A bolsa brasileira segue rumo aos 85 mil pontos?

Valor Econômico


No início deste ano, eram - e ainda são - quase unânimes as vozes de especialistas do mercado prevendo que, em 2010, a bolsa brasileira seguiria em processo de alta e atingiria a pontuação de 80 mil a 85 mil no fim do ano, mesmo após a expressiva alta de 82,7% ocorrida em 2009.

Ao longo dos meus 32 anos de experiência profissional, pude verificar a grande dificuldade de se prever o comportamento das bolsas de valores. Notei que, ao checarmos as previsões efetuadas, ano após ano, a margem de acerto é bem baixa.

A previsão do comportamento das bolsas de valores é assunto que, sempre, gera muita polêmica, devido à sua alta volatilidade (grau de oscilação). Não é por acaso que o investimento no mercado acionário é considerado renda variável e não renda fixa, ou seja, o grau antecipado de acuidade sobre o valor a ser auferido pelo investidor é muito baixo.

Como em qualquer outra área, a unanimidade nas projeções deve sempre passar pelo filtro de análise crítica. Em primeiro lugar, devemos tomar como referência, como já mencionado, o baixo diferencial estatístico de acerto desses mesmos analistas de mercado em relação aos fatos reais no longo prazo. Só para exemplificar, veja os casos de 2008 e 2009, quando os erros de previsão para o Ibovespa foram imensos.

Não estou defendendo que simplesmente sejam ignoradas essas projeções. Aconselho apenas que a leitura dessas análises seja feita com cautela. E, no caso do mercado de ações, ao contrário de outros ativos, quanto menor o prazo, maior a dificuldade de previsão.
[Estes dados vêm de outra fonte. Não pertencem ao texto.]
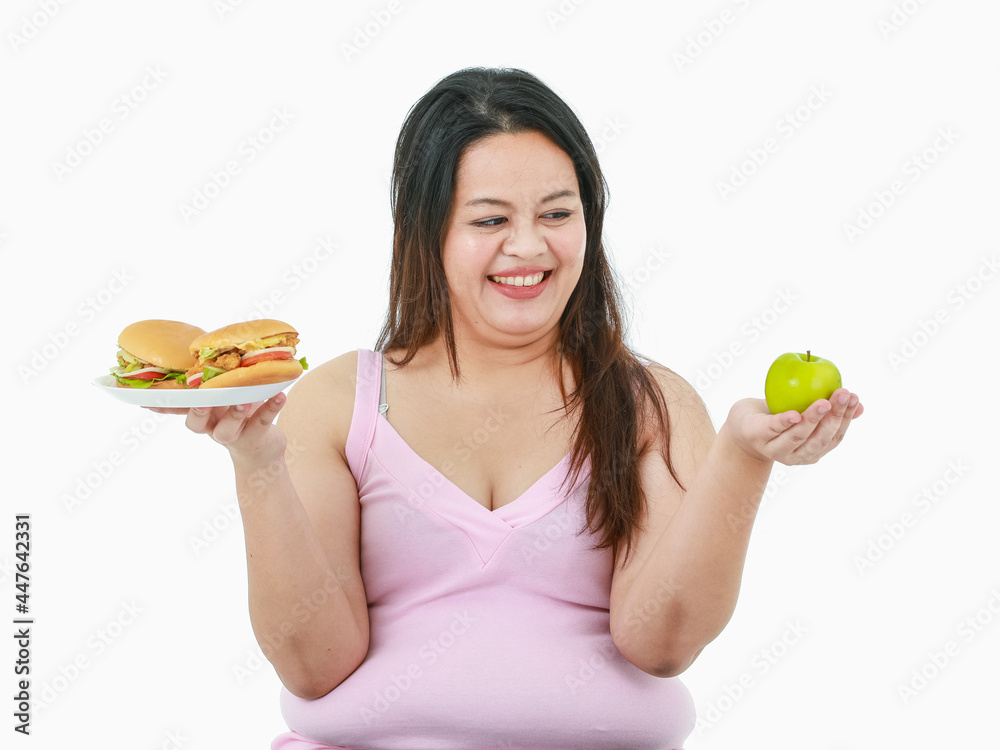 Isolated studio shot of Asian happy big fat overweight girl smiling determining choosing healthy organic green apple to eat over temptation unhealthy hamburgers in front of white background Isolated studio shot of Asian happy big fat overweight girl smiling determining choosing healthy organic green apple to eat over temptation unhealthy hamburgers in front of white background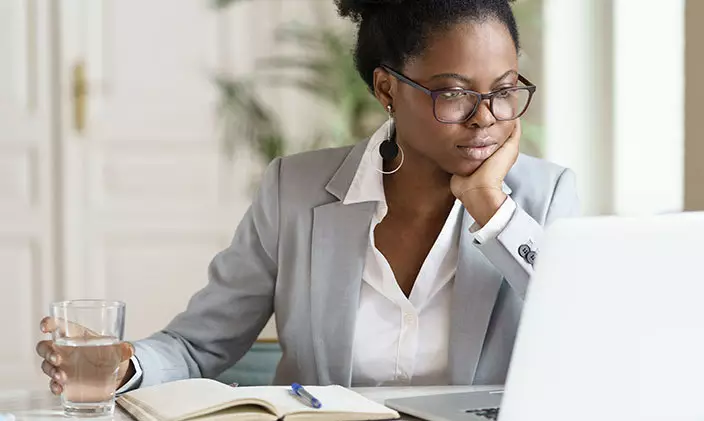 Business woman looking at her laptop with a notebook in front of her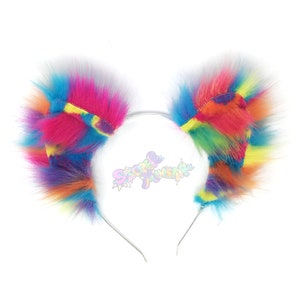 May include: Rainbow furry cat ears headband with a silver metal headband. The ears are made of a fluffy, multi-coloured fabric with a rainbow pattern.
Em outras palavras, quanto maior o horizonte de análise, maior a probabilidade de o investimento em bolsa seguir o resultado das empresas em seus balanços. Vale lembrar que a bolsa de valores é extremamente sensível às oscilações do dia a dia da economia e dos humores dos participantes dos mercados, o que reforça a sua imprevisibilidade no curto prazo.
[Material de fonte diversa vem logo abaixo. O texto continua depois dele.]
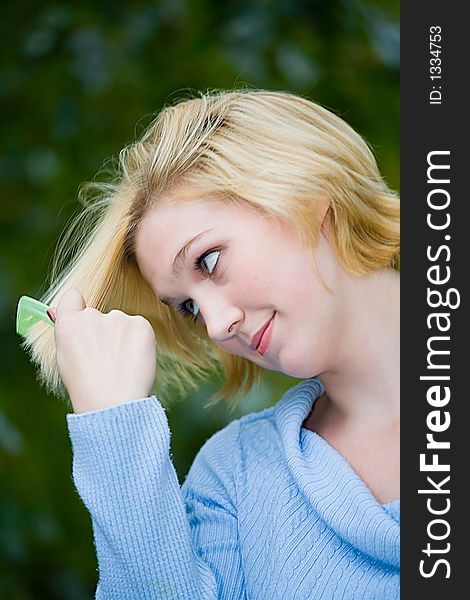 Beautiful Yong Blonde Girl With Blue Eyes Combing Her Hair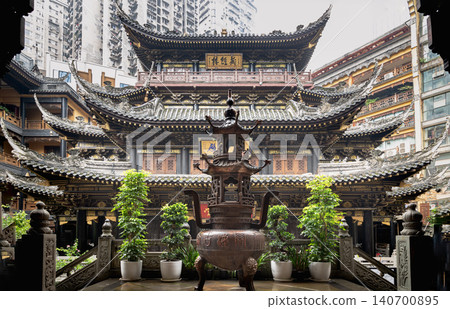 At the heart of Luohan Temple's inner courtyard stands a stately bronze censer, flanked by vibrant potted greenery. Behind it, the grand temple structure rises with layered wooden eaves that sweep At the heart of Luohan Temple's inner courtyard stands a stately bronze censer, flanked by vibrant potted greenery. Behind it, the grand temple structure rises with layered wooden eaves that sweep 140700895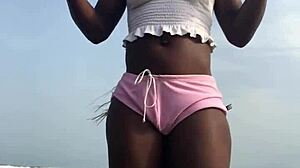 Watch crazybitch twerk on the beach?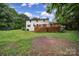 Expansive backyard with large deck perfect for entertaining with lush lawn at 7531 Linda Lake Dr, Charlotte, NC 28215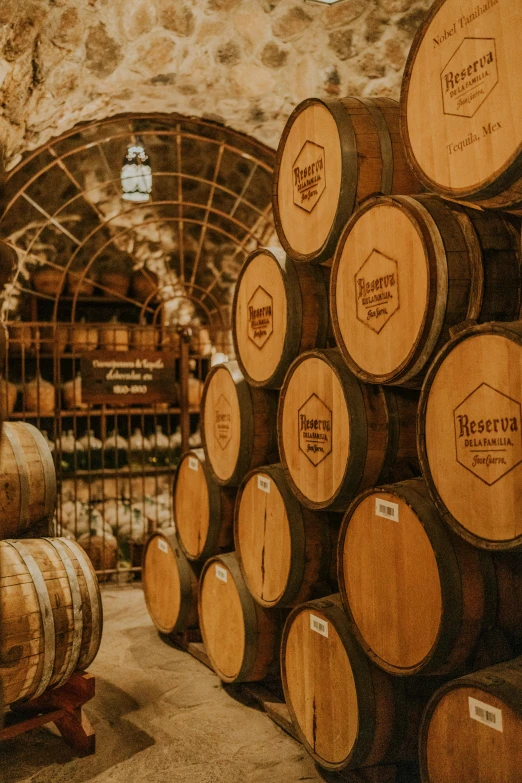 a bunch of wine barrels sitting next to each other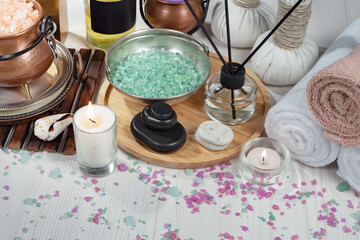 Spa items are arranged in a composition on a table.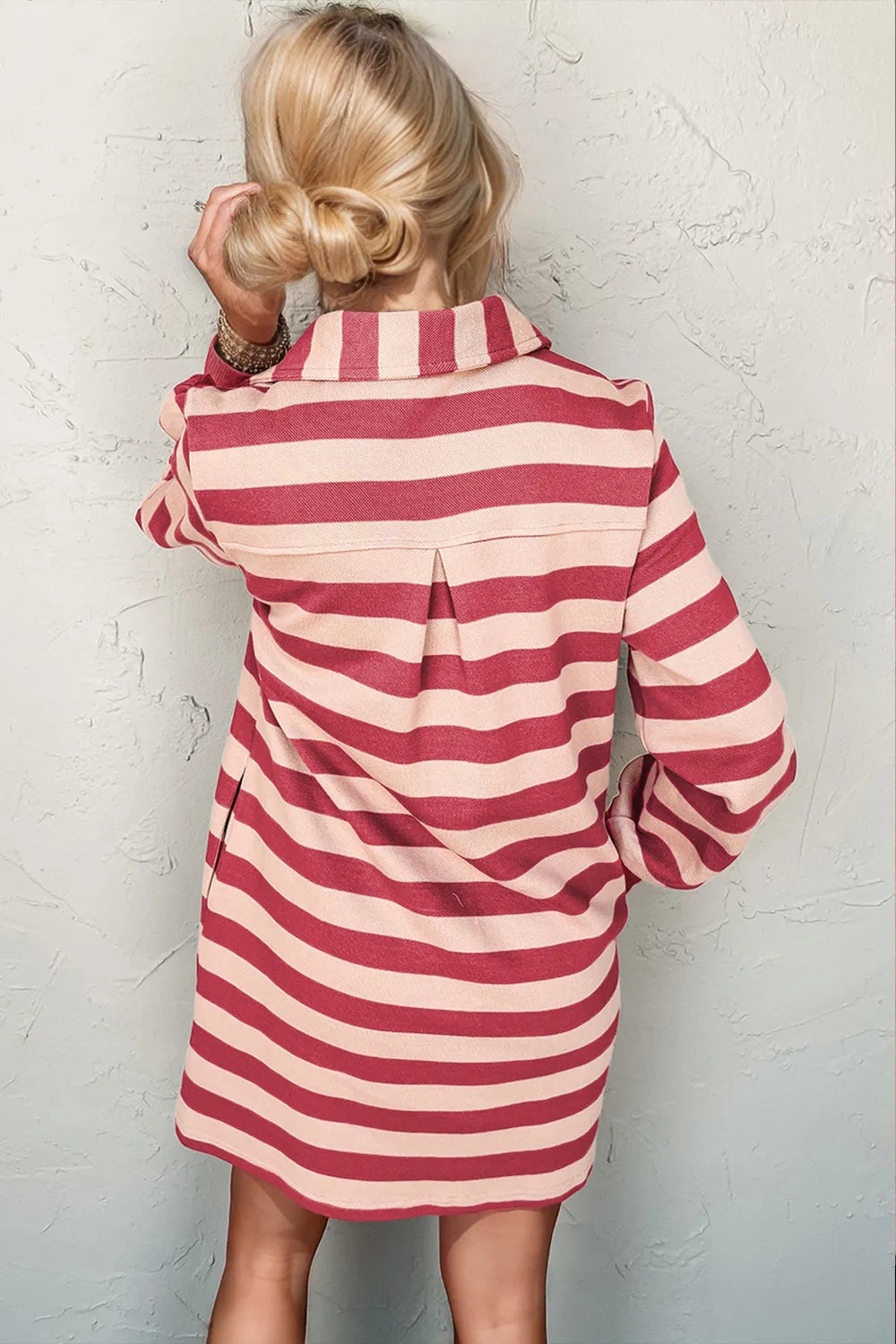 Person wearing a red and white striped dress against a textured white wall.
Nos acontecimentos mais recentes, vale questionar: por que o mercado não alertou, antecipadamente, sobre o problema do setor imobiliário americano e seus possíveis efeitos nos diversos mercados em 2008? Em 2009, por que não previram a forte recuperação da maioria dos mercados acionários ao redor do mundo? Por uma simples razão: normalmente, os profissionais não conseguem prever a ocorrência de fatos novos e reversões das tendências em curso. Continuam a prever sempre o rumo atual.

Se analisarmos pelo lado dos fundamentos econômicos veremos que as condições da economia brasileira e internacional apresentavam melhores perspectivas em maio de 2008, ápice do Ibovespa, com a máxima próxima dos 74 mil pontos, do que atualmente, quando estamos rondando os 70 mil pontos.

Naquele momento, as projeções de crescimento para o Brasil e a para a economia internacional eram bem melhores, além do que o comércio internacional trabalhava em níveis muito mais altos. Atualmente, os crescimentos previstos são bem mais modestos.

No caso especifico do Brasil, o crescimento de 2009 foi próximo a zero e as projeções para 2010 giram em torno de 5,0 a 6,0%, situação bem pior do que se projetava em maio de 2008; e o setor exportador brasileiro piorou dramaticamente desde então. O que sustenta a recuperação de nosso crescimento é o mercado interno, que vem mostrando força há muito tempo.

No lado internacional, a situação se deteriorou extremamente desde 2008, com a quase totalidade dos países em recessão importante e queda abrupta do comércio com o exterior. A grande exceção é a China que, graças também ao seu mercado interno, continua a crescer entre 8% e 10% ao ano; mas seria ingênuo acreditar que esse crescimento perdurará, sem nenhum percalço ao longo do caminho. Quem conhece os mecanismos de evolução do capitalismo sabe que isso é insustentável. Desse modo, períodos de contração das bolsas no futuro são bem prováveis de ocorrerem.

Embora o "momentum" do mercado, no curto prazo, ainda indique a continuidade do processo de alta, é importante manter a frieza ao avaliar o cenário. Vale a advertência ao investidor para manter a cautela ao participar do momento atual do mercado. E não se iludir com a unanimidade otimista que agora se instala e que pode lhe tirar a racionalidade, tão necessária, para a tomada das decisões de investimento.